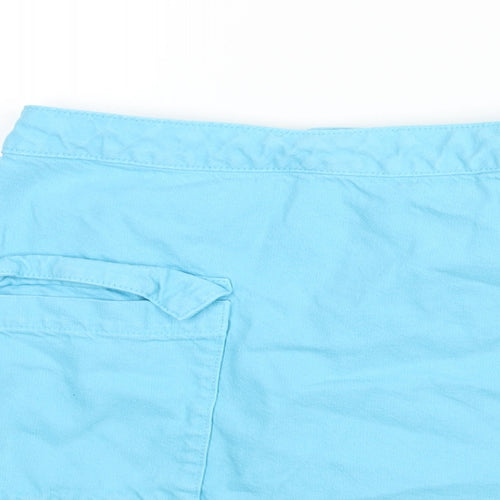 Denim & Co. Womens Blue Cotton Wrap Skirt Size 10 Button - Pocket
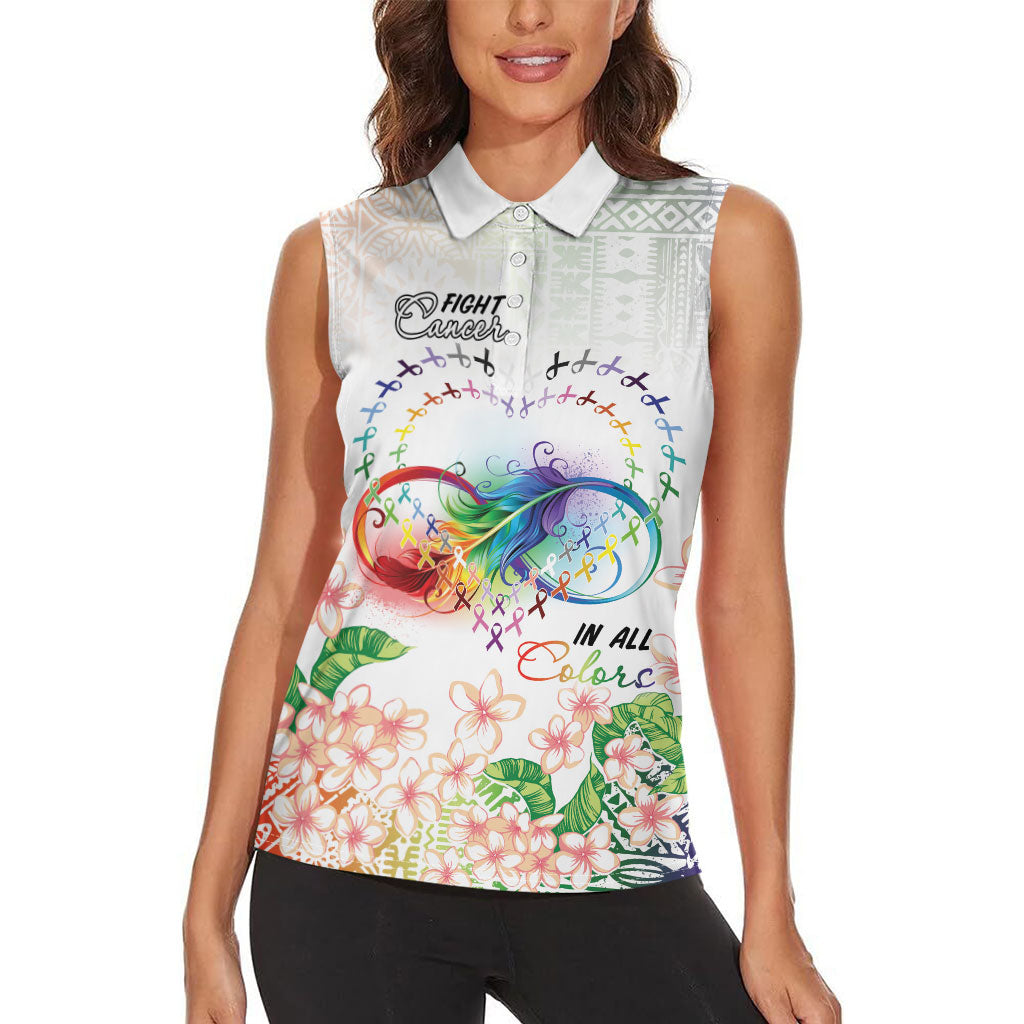 Fight Cancer In All Colors Women Sleeveless Polo Shirt Plumeria Mix Tapa Pattern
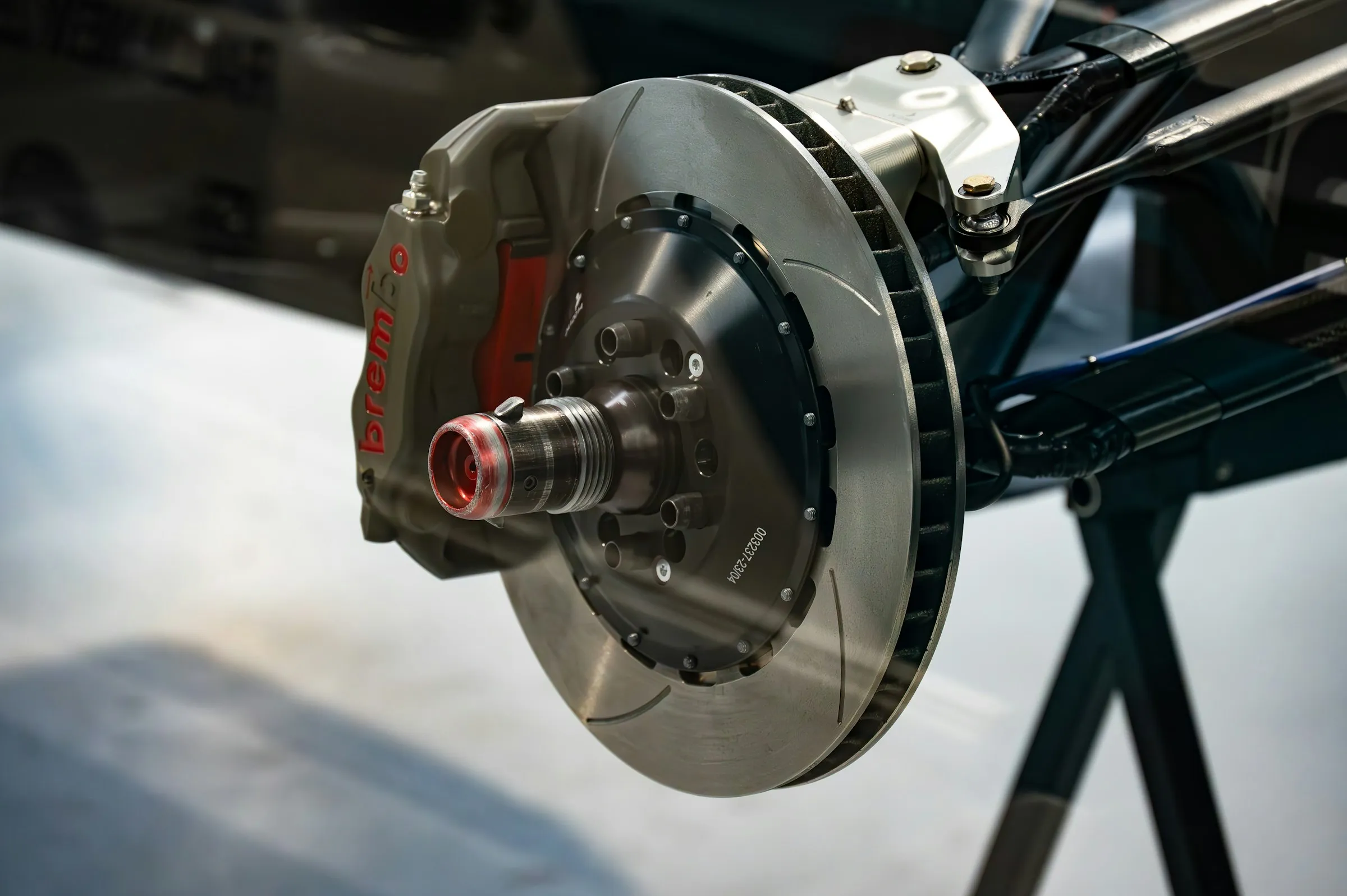 Close-up of a car brake rotor and caliper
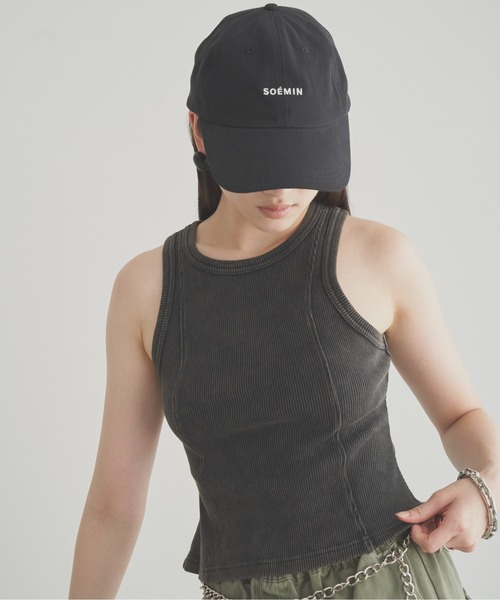 SOEMIN(ソミン)の「Pigment sleeveless top/ピグメントタンクトップ(タンクトップ・レディース・カーキ/ブラック/グレー・FREE)」の13枚目の写真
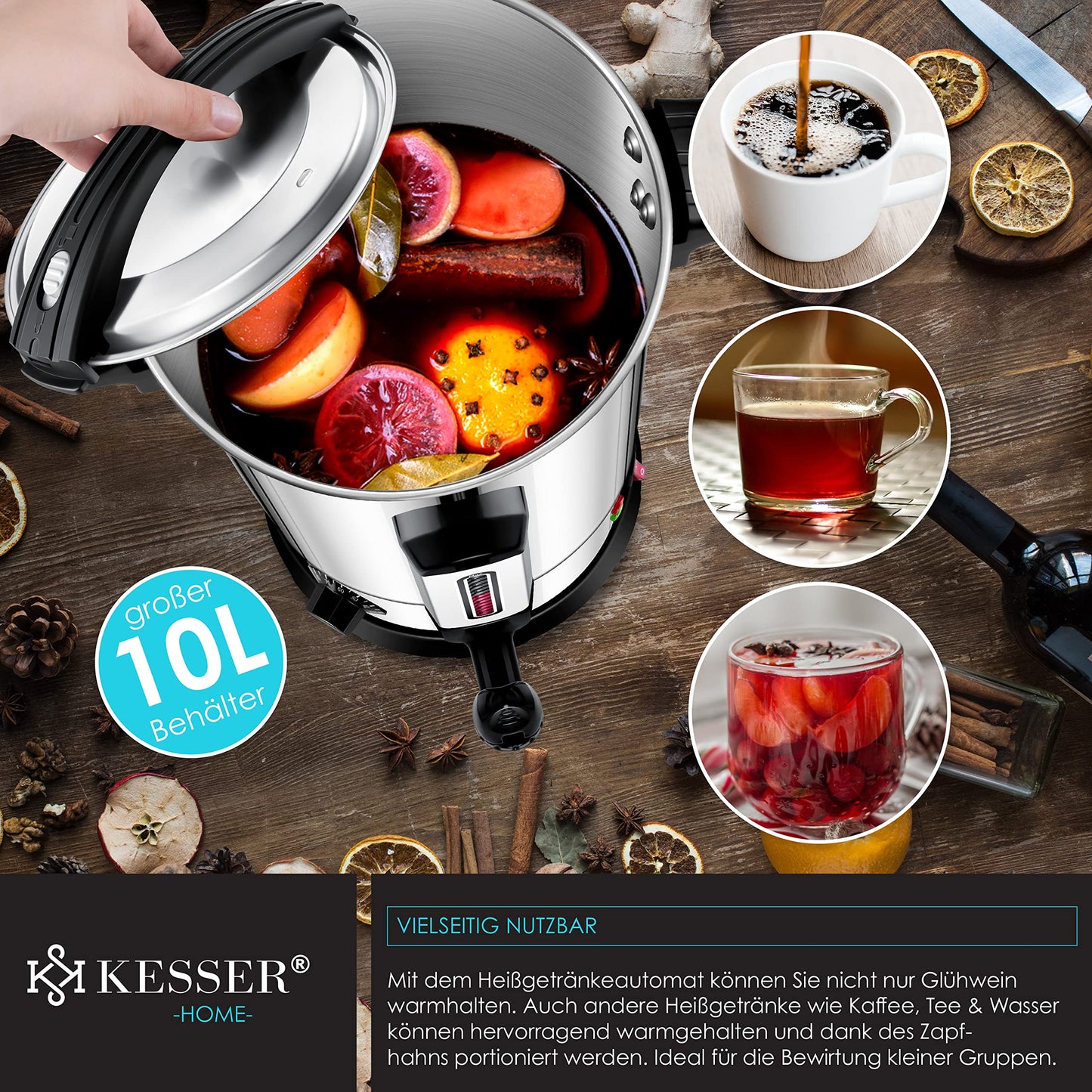 KESSER® Glühweinkessel 10L Edelstahl Inkl. 10x Becher Glühweinkocher mit Thermostat Glühweinautomat Heißgetränkeautomat Wasserkocher Heißwasserspender Einkochautomat Füllstandanzeige Zapfhahn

◆ What you have to do
Print all the records exactly, minus any images.

◆ Exercise result
 Denim & Co. Womens Blue Cotton Wrap Skirt Size 10 Button - Pocket
 Fight Cancer In All Colors Women Sleeveless Polo Shirt Plumeria Mix Tapa Pattern
 Close-up of a car brake rotor and caliper
 SOEMIN(ソミン)の「Pigment sleeveless top/ピグメントタンクトップ(タンクトップ・レディース・カーキ/ブラック/グレー・FREE)」の13枚目の写真
 KESSER® Glühweinkessel 10L Edelstahl Inkl. 10x Becher Glühweinkocher mit Thermostat Glühweinautomat Heißgetränkeautomat Wasserkocher Heißwasserspender Einkochautomat Füllstandanzeige Zapfhahn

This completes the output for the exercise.